Squeezing the cache: GQA, MQA, and PagedAttention
Because the KV cache dominates inference memory, much of modern model design is about shrinking it. Multi-Query Attention (MQA) and Grouped-Query Attention (GQA) let many query heads share a single set of key/value heads, cutting the cache by a large factor with little quality loss — which is why GQA is now standard in models like Llama. Rotary position embeddings (RoPE) and related schemes make the cached keys extend cleanly to longer contexts.

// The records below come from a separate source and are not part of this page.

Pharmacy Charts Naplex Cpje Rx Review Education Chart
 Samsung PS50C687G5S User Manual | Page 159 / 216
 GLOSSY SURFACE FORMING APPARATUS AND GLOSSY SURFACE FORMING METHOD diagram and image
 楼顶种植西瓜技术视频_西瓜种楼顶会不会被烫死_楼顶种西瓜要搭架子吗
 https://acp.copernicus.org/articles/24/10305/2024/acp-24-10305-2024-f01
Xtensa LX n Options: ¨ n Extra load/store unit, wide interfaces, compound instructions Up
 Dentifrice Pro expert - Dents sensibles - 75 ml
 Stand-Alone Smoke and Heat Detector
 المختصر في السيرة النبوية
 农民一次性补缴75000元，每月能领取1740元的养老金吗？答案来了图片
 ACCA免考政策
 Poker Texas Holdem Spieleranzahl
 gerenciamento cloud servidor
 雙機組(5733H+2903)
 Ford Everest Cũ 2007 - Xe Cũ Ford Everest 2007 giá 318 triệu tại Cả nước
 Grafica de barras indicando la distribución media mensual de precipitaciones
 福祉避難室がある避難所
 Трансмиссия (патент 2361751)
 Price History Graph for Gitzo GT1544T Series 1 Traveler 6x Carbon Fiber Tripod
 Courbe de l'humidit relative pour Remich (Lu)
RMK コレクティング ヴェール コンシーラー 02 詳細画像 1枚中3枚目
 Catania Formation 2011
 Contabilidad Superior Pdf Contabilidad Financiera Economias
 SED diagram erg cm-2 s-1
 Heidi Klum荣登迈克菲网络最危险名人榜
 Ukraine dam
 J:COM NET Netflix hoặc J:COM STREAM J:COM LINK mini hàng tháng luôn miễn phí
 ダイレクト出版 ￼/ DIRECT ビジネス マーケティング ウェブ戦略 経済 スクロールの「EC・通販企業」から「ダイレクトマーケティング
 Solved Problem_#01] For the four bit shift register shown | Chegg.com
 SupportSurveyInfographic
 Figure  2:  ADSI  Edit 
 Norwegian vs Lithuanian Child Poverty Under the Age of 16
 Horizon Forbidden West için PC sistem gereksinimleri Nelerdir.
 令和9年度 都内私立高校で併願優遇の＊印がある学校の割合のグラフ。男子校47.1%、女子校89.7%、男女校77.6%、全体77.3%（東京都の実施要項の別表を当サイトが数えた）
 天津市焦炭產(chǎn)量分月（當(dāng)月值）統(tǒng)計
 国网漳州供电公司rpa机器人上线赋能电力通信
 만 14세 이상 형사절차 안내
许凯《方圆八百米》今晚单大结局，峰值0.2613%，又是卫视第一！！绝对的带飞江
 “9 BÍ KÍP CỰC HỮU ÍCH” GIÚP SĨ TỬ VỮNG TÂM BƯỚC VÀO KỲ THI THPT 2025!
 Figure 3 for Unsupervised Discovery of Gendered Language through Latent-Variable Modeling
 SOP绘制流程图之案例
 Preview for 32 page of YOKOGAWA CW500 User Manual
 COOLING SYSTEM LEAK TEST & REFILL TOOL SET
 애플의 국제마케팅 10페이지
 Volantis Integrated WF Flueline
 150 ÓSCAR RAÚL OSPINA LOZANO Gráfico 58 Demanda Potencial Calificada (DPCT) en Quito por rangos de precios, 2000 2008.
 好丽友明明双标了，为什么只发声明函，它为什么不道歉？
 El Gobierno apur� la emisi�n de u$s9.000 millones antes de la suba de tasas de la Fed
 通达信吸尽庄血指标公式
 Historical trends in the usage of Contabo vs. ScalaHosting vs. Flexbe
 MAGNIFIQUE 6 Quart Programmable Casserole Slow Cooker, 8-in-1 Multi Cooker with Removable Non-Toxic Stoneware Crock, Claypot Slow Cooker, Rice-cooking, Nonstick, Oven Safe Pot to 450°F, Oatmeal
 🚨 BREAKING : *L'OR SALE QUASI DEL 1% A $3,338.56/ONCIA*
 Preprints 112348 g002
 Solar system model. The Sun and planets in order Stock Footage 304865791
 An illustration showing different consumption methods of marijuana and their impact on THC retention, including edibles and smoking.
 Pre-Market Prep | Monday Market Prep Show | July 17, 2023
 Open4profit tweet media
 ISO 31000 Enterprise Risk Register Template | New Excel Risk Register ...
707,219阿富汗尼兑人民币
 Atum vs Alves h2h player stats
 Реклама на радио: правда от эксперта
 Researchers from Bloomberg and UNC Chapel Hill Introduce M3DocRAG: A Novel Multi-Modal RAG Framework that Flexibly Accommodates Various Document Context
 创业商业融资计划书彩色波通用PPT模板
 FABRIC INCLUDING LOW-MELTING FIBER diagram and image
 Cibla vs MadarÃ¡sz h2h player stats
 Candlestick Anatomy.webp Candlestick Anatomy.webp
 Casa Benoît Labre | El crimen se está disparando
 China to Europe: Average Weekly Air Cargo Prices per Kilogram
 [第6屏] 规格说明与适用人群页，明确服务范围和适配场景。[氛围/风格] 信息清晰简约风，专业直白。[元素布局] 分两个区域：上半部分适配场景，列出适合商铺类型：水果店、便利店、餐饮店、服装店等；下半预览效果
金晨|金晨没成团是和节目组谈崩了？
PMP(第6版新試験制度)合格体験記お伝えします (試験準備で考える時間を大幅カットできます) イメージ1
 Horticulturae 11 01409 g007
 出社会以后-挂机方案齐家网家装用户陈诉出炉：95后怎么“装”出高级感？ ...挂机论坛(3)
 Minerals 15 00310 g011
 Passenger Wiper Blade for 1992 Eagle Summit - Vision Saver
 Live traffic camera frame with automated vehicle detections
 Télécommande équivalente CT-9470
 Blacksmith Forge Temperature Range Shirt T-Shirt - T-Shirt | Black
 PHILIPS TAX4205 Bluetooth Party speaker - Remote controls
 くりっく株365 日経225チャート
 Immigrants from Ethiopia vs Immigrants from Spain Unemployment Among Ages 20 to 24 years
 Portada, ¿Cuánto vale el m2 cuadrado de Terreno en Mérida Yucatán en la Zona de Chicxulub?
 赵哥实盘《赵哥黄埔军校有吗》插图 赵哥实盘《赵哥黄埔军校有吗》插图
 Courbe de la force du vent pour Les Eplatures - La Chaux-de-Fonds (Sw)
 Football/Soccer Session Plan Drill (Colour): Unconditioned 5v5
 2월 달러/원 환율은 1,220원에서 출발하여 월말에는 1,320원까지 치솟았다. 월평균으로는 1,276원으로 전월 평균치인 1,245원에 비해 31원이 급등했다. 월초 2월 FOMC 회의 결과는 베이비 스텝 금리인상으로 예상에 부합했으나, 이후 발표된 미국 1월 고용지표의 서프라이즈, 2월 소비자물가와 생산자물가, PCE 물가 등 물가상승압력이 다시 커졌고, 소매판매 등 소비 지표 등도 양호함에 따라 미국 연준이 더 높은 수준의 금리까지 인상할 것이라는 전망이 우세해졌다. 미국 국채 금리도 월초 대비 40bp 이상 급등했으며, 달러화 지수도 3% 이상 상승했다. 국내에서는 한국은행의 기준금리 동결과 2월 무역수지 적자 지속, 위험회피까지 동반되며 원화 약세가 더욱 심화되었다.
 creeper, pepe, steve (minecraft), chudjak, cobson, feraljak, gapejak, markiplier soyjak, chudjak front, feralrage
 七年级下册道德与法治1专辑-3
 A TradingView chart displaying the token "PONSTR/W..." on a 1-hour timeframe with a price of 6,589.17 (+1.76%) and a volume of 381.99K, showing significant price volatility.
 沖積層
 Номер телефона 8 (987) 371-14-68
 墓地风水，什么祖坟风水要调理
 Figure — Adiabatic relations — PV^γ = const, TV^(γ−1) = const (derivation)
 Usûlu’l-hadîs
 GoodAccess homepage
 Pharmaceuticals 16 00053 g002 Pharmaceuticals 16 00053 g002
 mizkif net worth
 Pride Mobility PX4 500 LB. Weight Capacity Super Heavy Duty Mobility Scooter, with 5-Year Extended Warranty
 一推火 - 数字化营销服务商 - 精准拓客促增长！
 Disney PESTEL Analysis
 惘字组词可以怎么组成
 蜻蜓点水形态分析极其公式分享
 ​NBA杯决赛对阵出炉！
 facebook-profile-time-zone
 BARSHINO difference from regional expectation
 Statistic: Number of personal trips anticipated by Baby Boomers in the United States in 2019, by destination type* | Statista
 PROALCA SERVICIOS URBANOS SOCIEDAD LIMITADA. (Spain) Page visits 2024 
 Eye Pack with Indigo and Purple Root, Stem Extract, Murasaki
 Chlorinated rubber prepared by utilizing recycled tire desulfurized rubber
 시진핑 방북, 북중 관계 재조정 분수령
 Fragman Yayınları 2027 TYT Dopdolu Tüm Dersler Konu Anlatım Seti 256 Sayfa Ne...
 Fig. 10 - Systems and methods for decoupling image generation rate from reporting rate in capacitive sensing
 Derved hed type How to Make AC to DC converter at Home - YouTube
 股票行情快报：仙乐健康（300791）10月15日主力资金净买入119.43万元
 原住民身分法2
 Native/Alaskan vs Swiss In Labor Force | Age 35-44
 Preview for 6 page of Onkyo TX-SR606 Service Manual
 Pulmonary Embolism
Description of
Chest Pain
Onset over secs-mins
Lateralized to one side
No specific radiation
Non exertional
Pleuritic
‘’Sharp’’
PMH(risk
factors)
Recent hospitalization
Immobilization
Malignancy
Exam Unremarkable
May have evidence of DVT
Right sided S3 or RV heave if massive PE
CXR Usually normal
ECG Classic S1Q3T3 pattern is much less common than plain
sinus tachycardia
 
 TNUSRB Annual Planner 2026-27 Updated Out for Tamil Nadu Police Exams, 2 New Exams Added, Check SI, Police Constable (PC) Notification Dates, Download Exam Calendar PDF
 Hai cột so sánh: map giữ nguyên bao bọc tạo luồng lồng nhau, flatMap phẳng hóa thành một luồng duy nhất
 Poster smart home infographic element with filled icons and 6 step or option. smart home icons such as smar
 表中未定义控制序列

On the serving side, PagedAttention (the idea behind vLLM) borrows from operating-system virtual memory: instead of reserving one big contiguous block per request, it stores the cache in fixed-size pages allocated on demand. That eliminates the memory fragmentation that otherwise wastes much of the GPU, letting a server pack far more concurrent requests onto the same hardware — a direct throughput-and-cost win.
The takeaway
The KV cache is the bridge between an architecture detail and your bill. Long context isn't expensive because the model “reads more” in some vague sense — it's expensive because every token in context occupies a slice of fast GPU memory for the entire request, and that memory is the scarce resource. Understanding it explains prefill-vs-decode latency, why prompt caching saves money, and why so much inference engineering (GQA, PagedAttention, the move toward state space models that avoid a growing cache entirely) is really about one thing: managing the KV cache.